Moisture Update - January 31, 2024
January 2024 was unusual, with a sharp drop in temperatures that started near the beginning of the month, rapidly descending into a bitter cold snap with several stations recording temperatures below -40°C.
The lowest measured temperature was recorded at Keg River AGCM at 51.5°C on January 14, 2024. In comparison, the coldest measured temperature in Alberta (-61.1°C) occurred on January 11, 1911, recorded near Fort Vermillion. The recent cold snap lasted approximately two weeks, and by the end of January temperatures rebounded to near record levels in many areas. The City of Edmonton saw temperatures nearing 12°C, which was close to the record for this area (14°C), measured on January 30, 1931.
January 2024 Precipitation Accumulations
Thankfully the wild swing in temperatures brought with it some much needed moisture to many areas (Map 1), with three of the four agricultural regions containing lands that received more than 20 mm.
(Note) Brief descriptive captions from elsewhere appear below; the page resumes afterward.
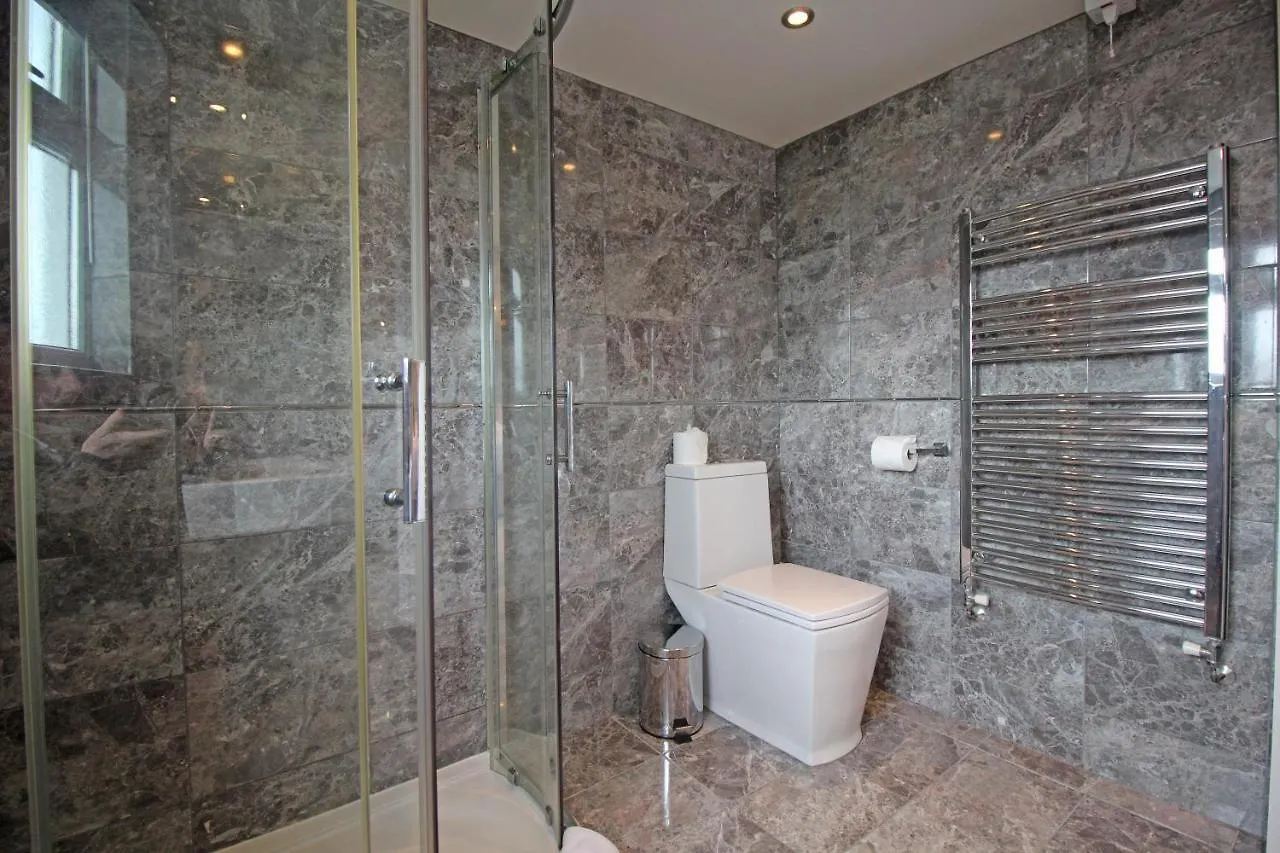 Holiday home Queens Road - Luxury Spacious Home In Chester Christleton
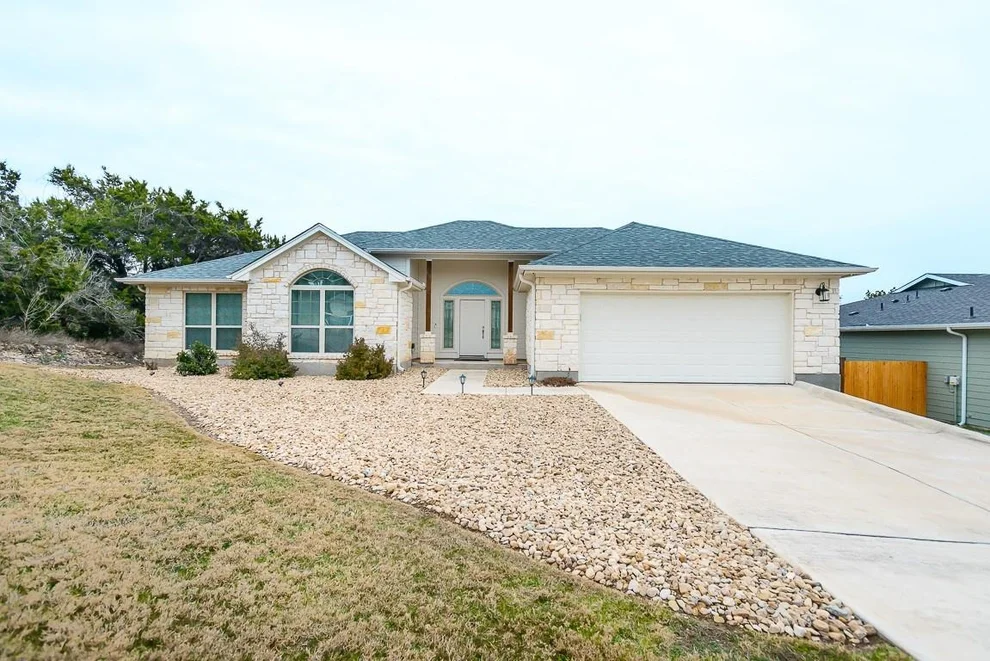 Unit for sale at 4001 Crockett Ave, Lago Vista, TX 78645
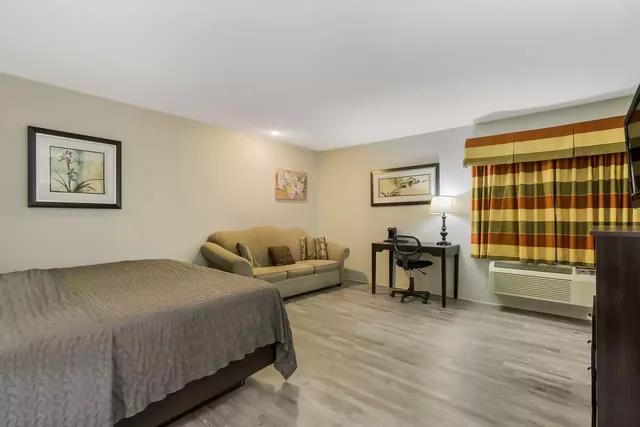 جناح بسرير كوين، Econo Lodge Inn & Suites Yankton, SD 1/3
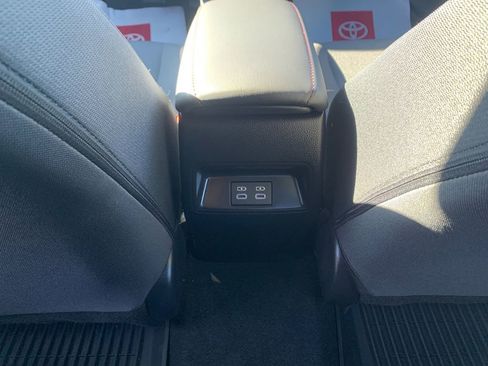 Used 2025 Toyota Corolla SE image 16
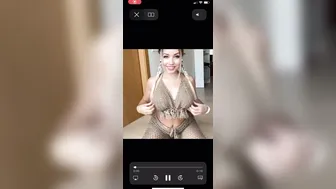 Paola_Skye onlyfans crazy woman masturbating cunt with hand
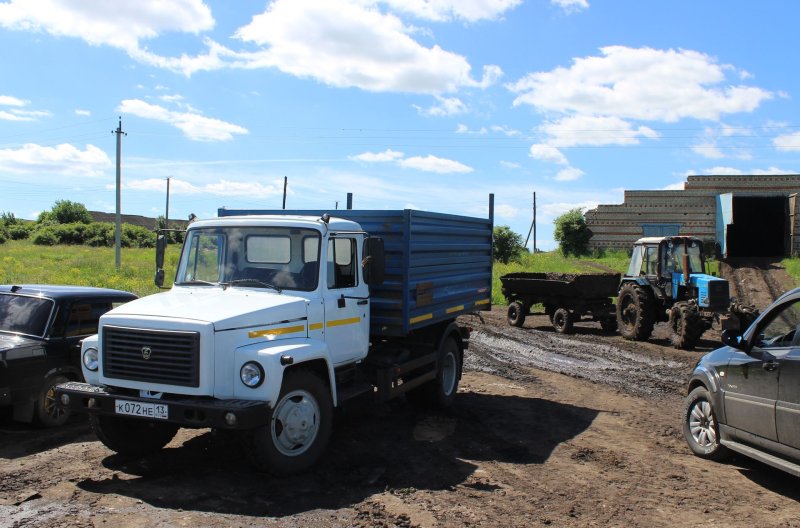 ГАЗ САЗ 3305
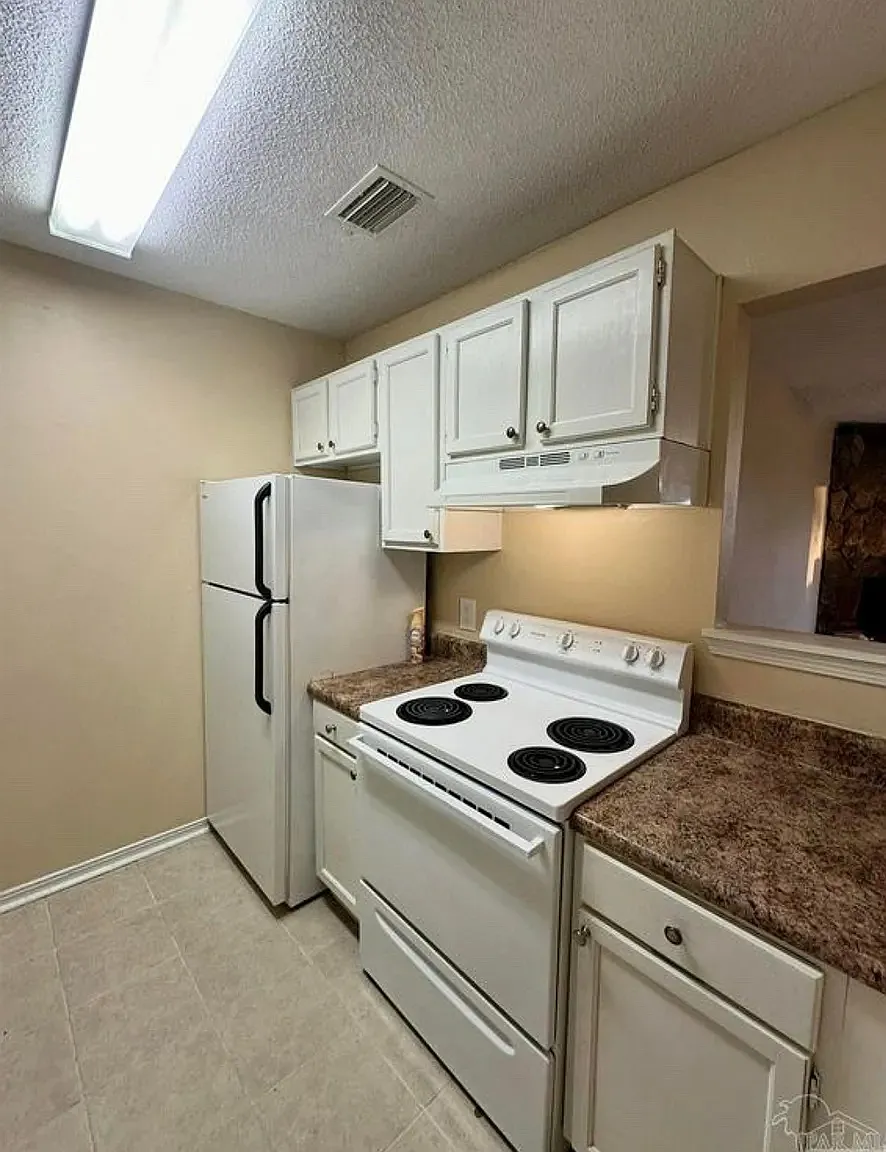 2 bed, 1000 sqft, $1,400 — Photo 3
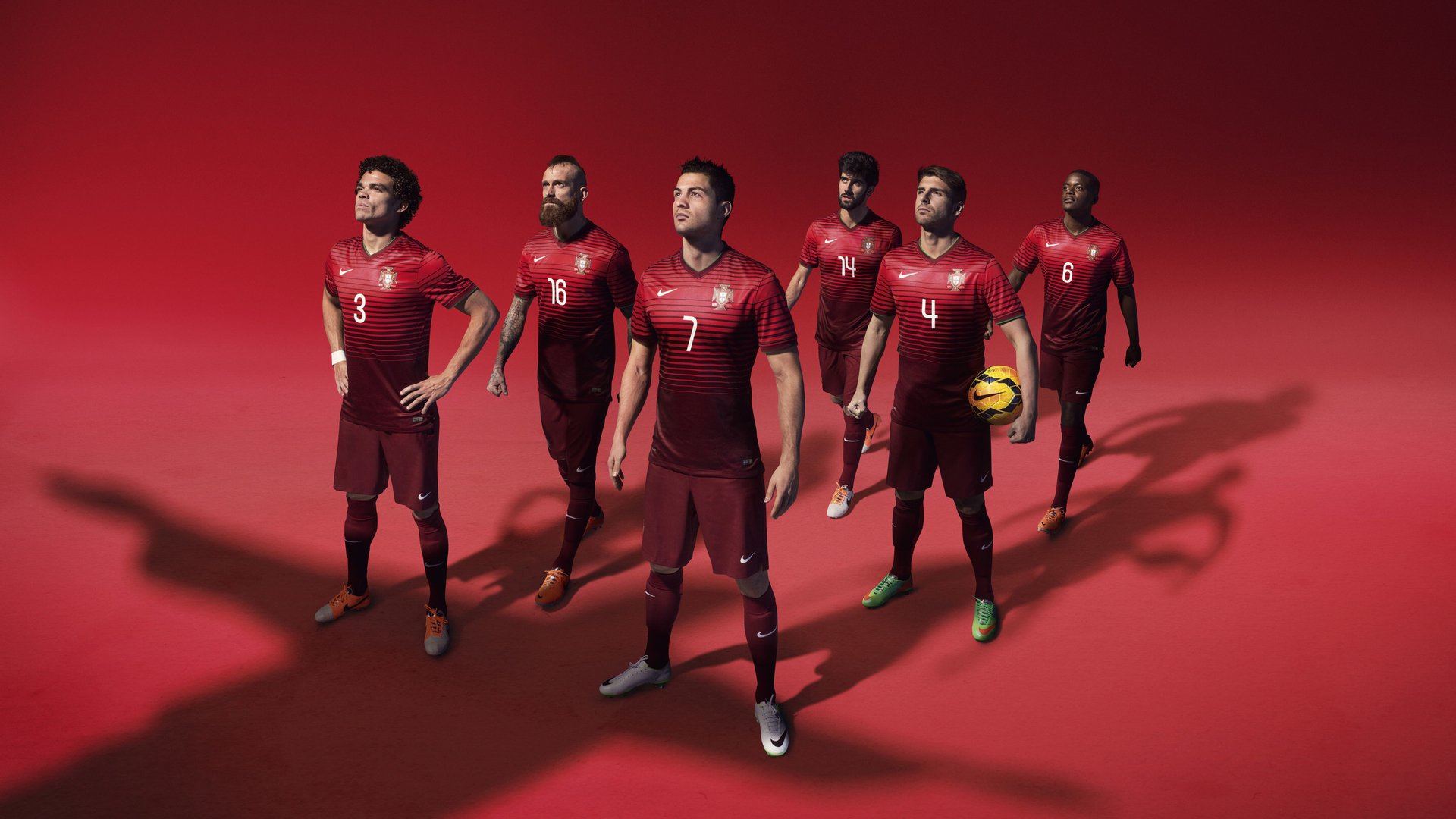 姆巴佩的聚光灯下，新西兰的惊雷在远方炸响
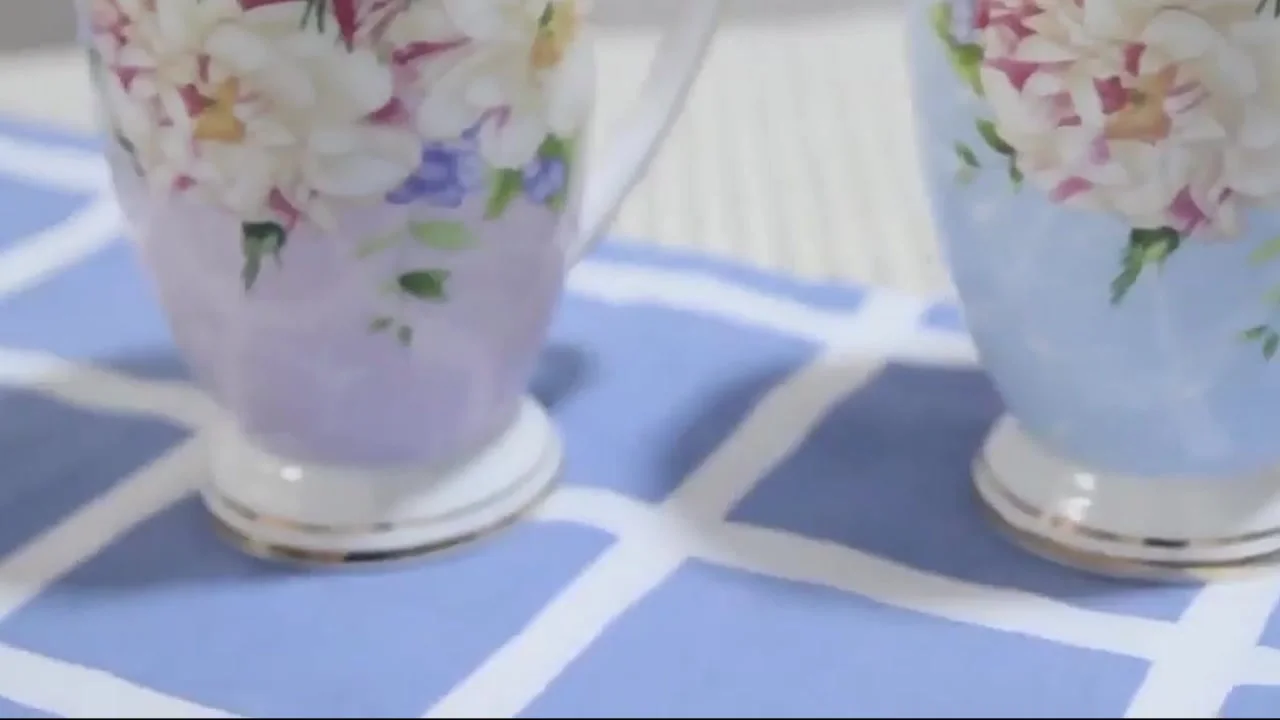 Tazza In Bone China 300 Ml - Floreale Rossa Con Manico Oro - Porcellana Fine Per Caffè E Tè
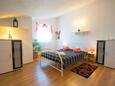 Porat, Obývací pokoj v ubytování typu apartment, s klimatizací a WiFi.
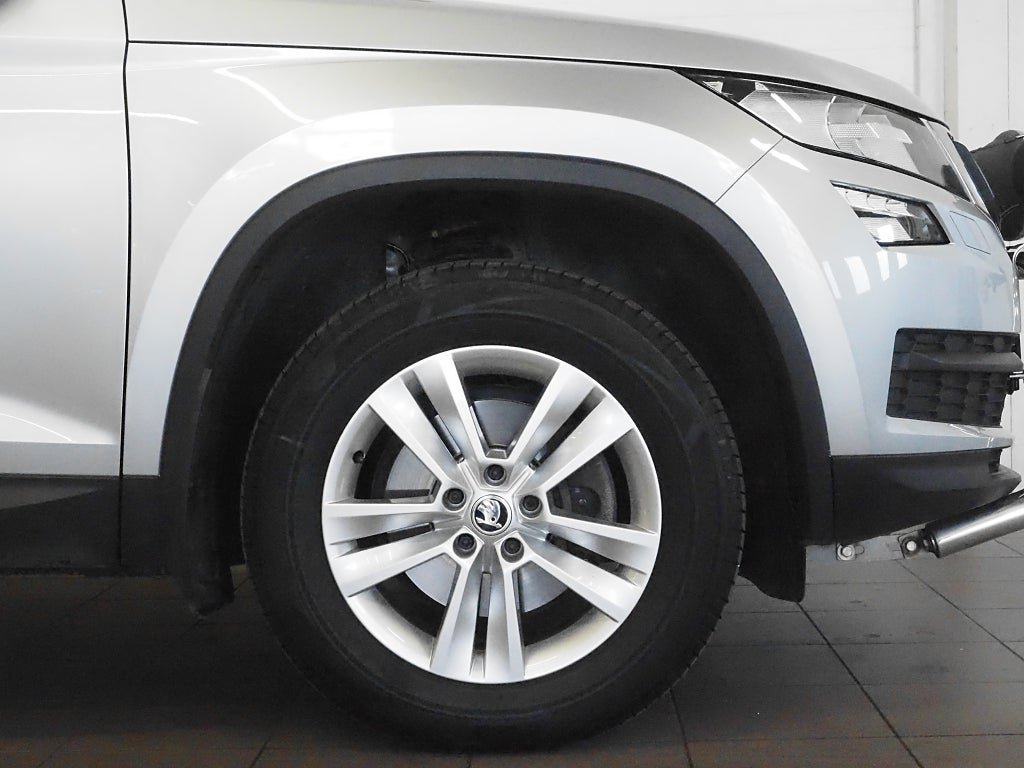 Vehicle Image 7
Upwards of 50 mm was measured at some of the mountain stations in the southern portions of the province. In contrast, must of the North East and Central Regions, along with a relatively small portion of the Central Peace Region, received lesser amounts, ranging from 5 to 10 mm.
Precipitation accumulations for the month of January were generally near or above normal across much of the Southern and Central Regions and large parts of the North West and Northern Peace Regions (Map 2). Elsewhere accumulations were below normal, however; January is a relatively dry month of the year with average accumulations (1991-2020) of less than 15 mm across the southern half of the province, ranging up to approximately 30 mm across the Peace Region (Map 3).
February is historically the driest month of the year (Map 3), so receiving a major shot of moisture now is relatively rare. In fact, based on the period from 1962-2022, only one in every 20 years accumulation will range as high as 20 to 25 mm across the Special Areas, 30 to 40 mm in the western agricultural areas of the province, and 50 to 60 mm throughout the Peace Region (Map 4).
Winter Precipitation Accumulations from November 1, 2023 to January 31, 2024
Since November 1, 2023, the unofficial start of winter in Alberta, precipitation has been well below average across most of Alberta's agricultural regions (Map 5). Large parts of the northern half of the province are estimated to have a winter this dry less than once every 50 years. Dry conditions have also persisted across the Central and Southern Regions, ranging from a few widely scattered pockets of near normal, to close to once every 25 year lows recorded in Jenner, approximately 200 km east of Calgary.
Total accumulations currently range from less than 10 mm through parts of the North East Region, to over 50 mm along the foothills, and 40 to 50 mm through the north and western portions of the Peace Region (Map 6). For the dryer parts of the North West, North East, and Peace Regions this translates to less than 30% of the 1991-2020 average (Map 7).
Wild swings in weather patterns are well documented in this meteorological region. Graphic 1 shows the Canadian all-time heat and cold records for each of the provinces and territories. Close examination reveals that 70% of both the heat (red) and cold (blue) records were set prior to 1950, a time beyond most people's living memories. In fact, you would have to be over 110 years old to remember the 27 year period that spanned from 1911 to 1937, when roughly 70% of the all-time Canadian heat records were set, along with a surprising 45% of the cold records. It should also be noted that during this time, the number of meteorological stations measuring extremes were at a fraction of what they are now.
During the winter of 1931, when temperatures reached nearly 14°C on January 30 in Edmonton, the following February remained warm, with only one day where the daytime high failed to break 0°C. That year, the snow packs were at least double of those recorded in mid-January of this year, and yet had melted completely by mid-February. A sudden cold snap in March of 1931, brought nearly 2 ft of fresh snow over a two week period. Winter was back, with daytime highs dropping below -30°C on March 11. The first days of May, saw temperatures touch 35°C, followed by above average moisture in the central parts of the province through June and August (Map 7).